Event configuration (kcadm.sh)

./kcadm.sh update events/config -r myrealm \

-s eventsEnabled=true \

-s 'eventsExpiration=2592000' \

-s 'enabledEventTypes=["LOGIN","LOGIN_ERROR","LOGOUT","REGISTER","UPDATE_PASSWORD","UPDATE_EMAIL","REMOVE_TOTP","UPDATE_TOTP","TOKEN_EXCHANGE","REFRESH_TOKEN_ERROR"]' \

-s adminEventsEnabled=true \

-s adminEventsDetailsEnabled=true

- `eventsExpiration` is the retention period in seconds. The example above is 30 days.

- Enabling `adminEventsDetailsEnabled` stores the changed representation (JSON) alongside, letting you trace "what changed and how." This is mandatory if you have audit requirements.

- In 26.x, admin events have their own expiration setting as well, so specify retention for both kinds explicitly.

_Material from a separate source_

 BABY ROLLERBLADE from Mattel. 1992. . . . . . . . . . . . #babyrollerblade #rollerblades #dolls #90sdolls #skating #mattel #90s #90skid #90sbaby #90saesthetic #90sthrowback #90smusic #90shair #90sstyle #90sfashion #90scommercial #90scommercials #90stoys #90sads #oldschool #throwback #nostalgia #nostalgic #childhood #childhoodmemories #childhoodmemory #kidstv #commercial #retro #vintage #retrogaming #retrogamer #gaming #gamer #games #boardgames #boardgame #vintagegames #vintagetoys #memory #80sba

Querying is available through the Admin API.

Fetch recent login failure events

./kcadm.sh get events -r myrealm \

-q type=LOGIN_ERROR -q max=50

Admin change history for a specific user

./kcadm.sh get admin-events -r myrealm \

-q resourcePath=users/USER_UUID -q max=20

Event retention and DB load — a recurring operational incident

Events are stored in Keycloak's main database (the EVENT_ENTITY and ADMIN_EVENT_ENTITY tables). Two incident patterns repeat themselves here.

Incident pattern 1: infinite retention

eventsExpiration unset → table balloons to hundreds of millions of rows

→ event INSERT slows down → entire login transaction slows down

→ flood of "login is slow" tickets

Incident pattern 2: the bulk-delete bomb

Expiration configured belatedly → expiry job tries to delete

hundreds of millions of rows → DB lock contention, WAL/redo surge

→ production DB paralyzed

Practical guidelines:

- Keep event retention **short, for operational queries (7–30 days)**, and export long-term storage to external systems (see the SPI section below). The Keycloak DB is not an audit log archive.

- For tables that have already ballooned, do not rely on the expiration setting — clean up with batched deletes (partition-wise, repeated LIMIT) during a maintenance window, then configure expiration.

- If `enabledEventTypes` is left empty, every type is stored. Review whether high-frequency events like CODE_TO_TOKEN and TOKEN_REFRESH are needed, and list only the types you require. In environments with many token-refreshing SPAs, this difference shows up as an order-of-magnitude difference in row counts.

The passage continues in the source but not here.